On entre tout de suite dans l’appartement de Jefferies, de la fenêtre ouverte duquel on a un bel aperçu sur d’autres fenêtres de tous ces appartements qui donnent sur une cour d’immeuble, ayant une étroite ouverture sur la rue. Le premier large panoramique du film montre ces fenêtres par lesquels le spectateur pénètre rapidement pour entrevoir des vies individuelles. On passe donc d’une fenêtre à l’autre, apercevant ce qui s’y passe. Notre regard est celui de Jefferies… Ce photographe professionnel, reporter de terrain casse-cou, se trouve immobilisé chez lui, dans un fauteuil roulant et avec une jambe plâtrée. Sans être vraiment un « voyeur » au sens freudien du terme, Jeff s’ennuyant (la télé, à l’époque n’avait pas la même importance qu’aujourd’hui !) aime bien observer une pin-up (il l’a surnommée « Miss Torso ») qui danse ou fait de la gymnastique, vêtue légèrement, mais également un pianiste esseulé, un couple qui se dispute, une quinquagénaire qui vit seule (il l’a surnommée « Cœur solitaire »), etc. On comprend vite que, déformation professionnelle de journaliste, Jeff Jefferies est curieux de ce qui se passe, même si c’est juste en face de chez lui…
Les fenêtres de cette cour donnent sur des situations qui, toutes à peu près, tournent autour de la problématique du célibat ou du mariage, de la solitude ou bien de la vie à deux : question affective et psychologique centrale dans la relation dissymétrique, amoureuse mais problématique, entre Jeff Jefferies et Lisa Carole Frémont. Ainsi les fenêtres nous montrent, par des micro-scènes judicieusement choisies, deux solitudes malheureuses (le pianiste et « Cœur solitaire ») et une fausse solitude (« Miss Torso », très courtisée), ces personnages ne donnant pas une image enviable de cette situation. Cependant, une sculptrice offre, elle, une image positive ou neutre de la solitude… Mais d’un autre côté, il y a ce couple de jeunes mariés qui vient de s’installer, et dont on voit très vite que le mari, taraudé par sa femme, semble déjà regretter de s’être engagé ; et puis les vieux mariés, comme les époux Thorwald qui se disputent, se détestent, et dont on comprend que le mari a une maîtresse. Donc le couple n’est pas plus la panacée que la solitude ! Malgré tout, de très vieux mariés, qui ont une petit chien, semblent assez heureux.
Mais trois fenêtres de cette cour vont tragiquement contraster avec toutes les autres : celles qui ouvrent sur la Mal, l’enfer, et précisément un crime abominable, déduit par Jefferies du comportement suspect d’un représentant de commerce, Lars Thorwald, qui a tué sa femme et l’a coupée en morceaux, lors d’une nuit orageuse.

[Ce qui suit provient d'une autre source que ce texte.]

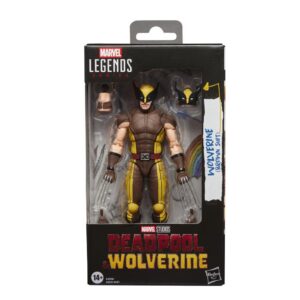 5010996359599 | P/N: G23665X00 | Cod. Artículo: MGS0000031548 Figura hasbro marvel legends series deadpool & wolverine -  wolverine (brown suit)
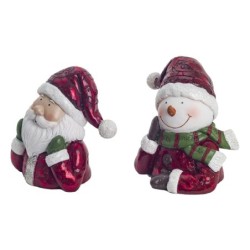 Signes Grimalt By SIGRIS - Figura Papa Noel 2 Unidades Rojo de Resina | Figura de Navidad Figura Navidad Figuras De Navidad 13x1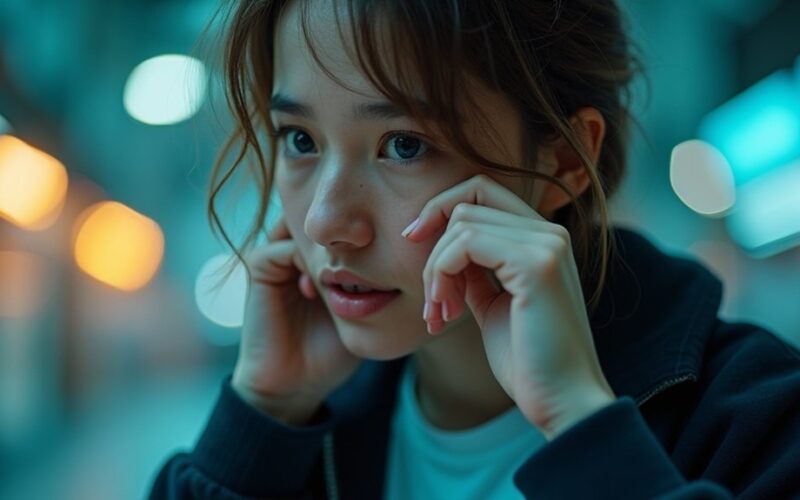 stress lowers nasal temperature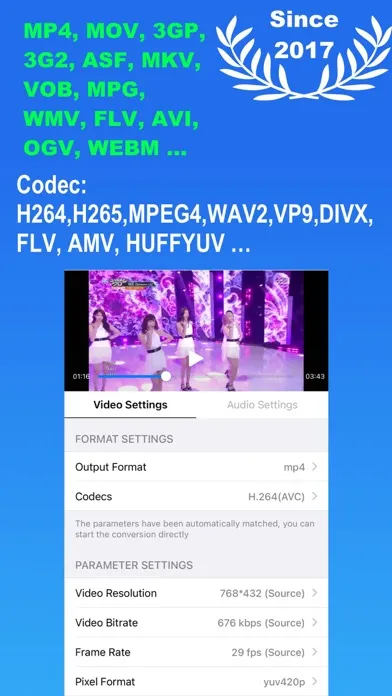 ภาพหน้าจอของ Media Converter - video to mp3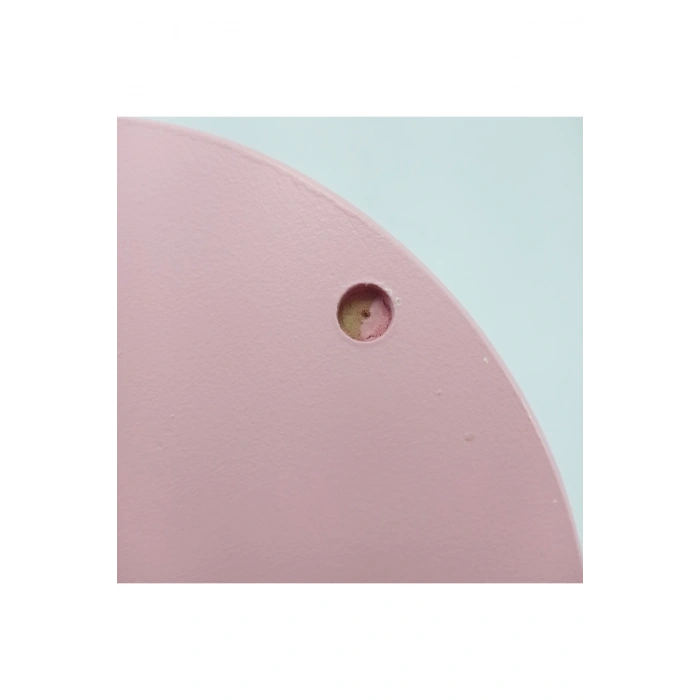 Minimalist Bebe Pembe Nazar Boncuğu El Yapımı Ahşap Büyük Nazarlık 20 Cm Hediyelik Eşya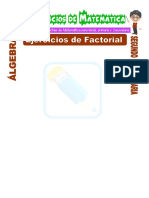 Ejercicios de Factorial para Segundo de Secundaria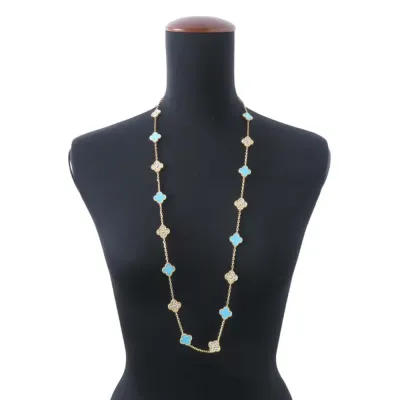 Van Cleef & Arpels Vintage Alhambra Long Necklace 20 motifs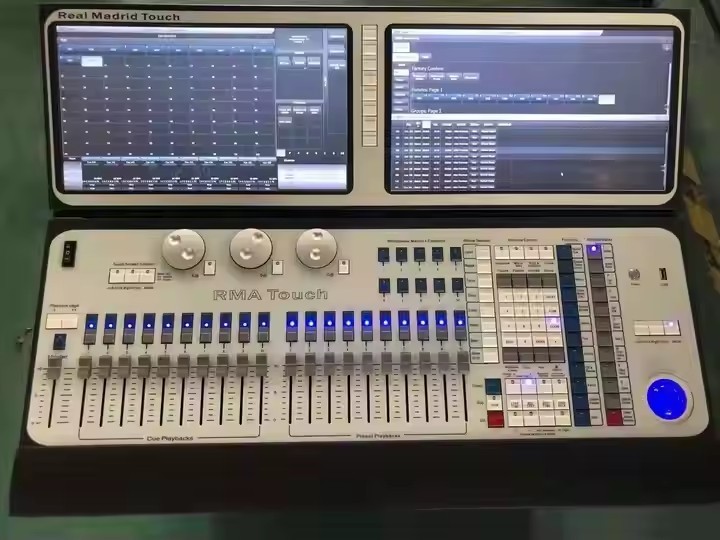tiger dual touch lighting console dmx light controller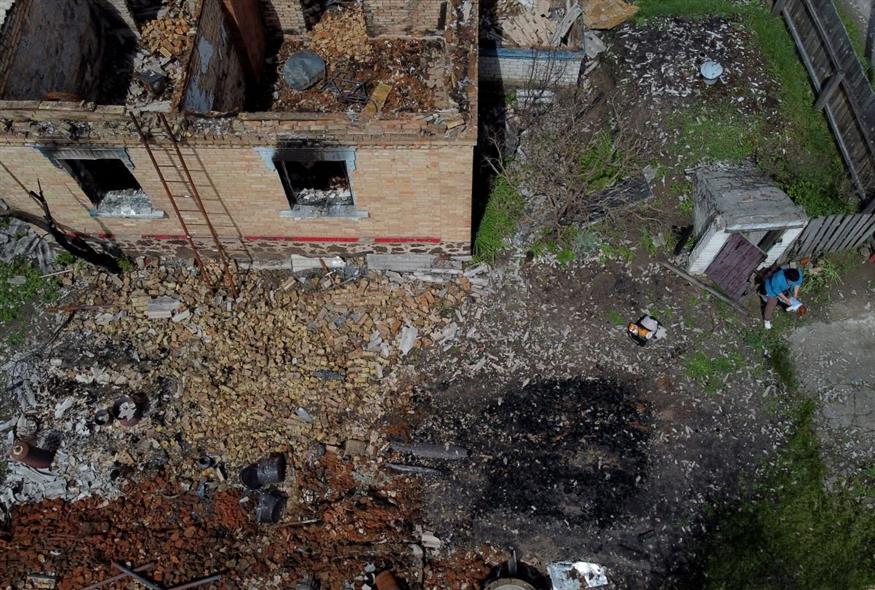 Εικόνες καταστροφής στην Ουκρανία (AP Photo)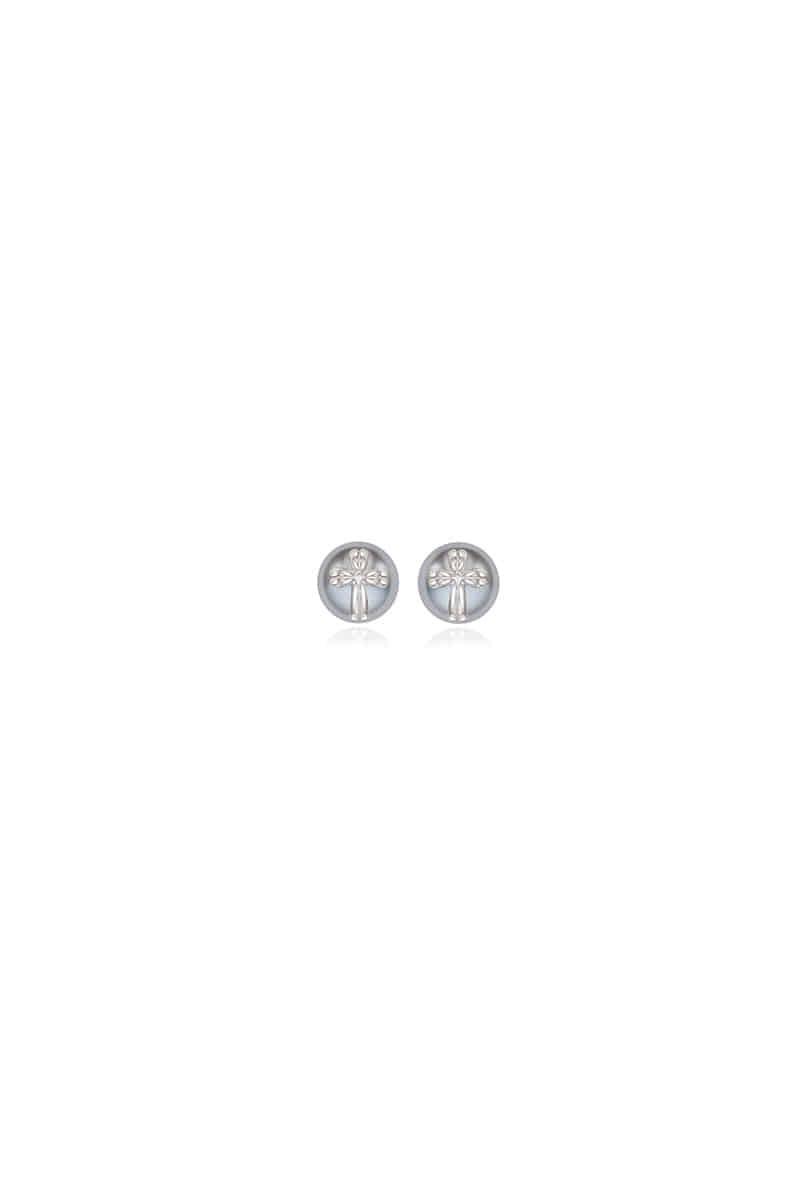 SHINE CROSS TERAHERTZ EARRINGS (8MM)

Pour que ce film de « fenêtre à fenêtres » puisse dans la vraisemblance fonctionner, trois conditions étaient requises : d’abord que le héros soit immobilisé chez lui à cause d’une jambe dans le plâtre, ensuite que toutes les fenêtres soient ouvertes à cause d’une chaleur étouffante comme il y en a à New York en été, enfin qu’on ait affaire à un photographe, donc disposant de grosses jumelles et d’un puissant téléobjectif…
Une question demeure cependant : pourquoi Jefferies ne dort-il pas dans son lit, et reste-t-il devant sa fenêtre, même la nuit ? Réponse : parce que passer du lit à son fauteuil et l’inverse reste problématique avec sa jambe dans le plâtre, et parce que la vie de cette cour d’immeuble le passionne, l’amuse et l’intrigue… Hitchcock a pensé à tout en génial scénariste qu’il était. Le héros (et bien sûr le spectateur) peut donc s’installer durablement devant sa fenêtre, de laquelle il observe d’autres fenêtres.
Elles deviennent alors : des ouvertures (sur l’Autre, sur l’horreur), des miroirs (puisque ce qu’il y voit « réfléchit » sa problématique sentimentale), et probablement une louangeuse métaphore des écrans, qui nous font rêver ou frémir.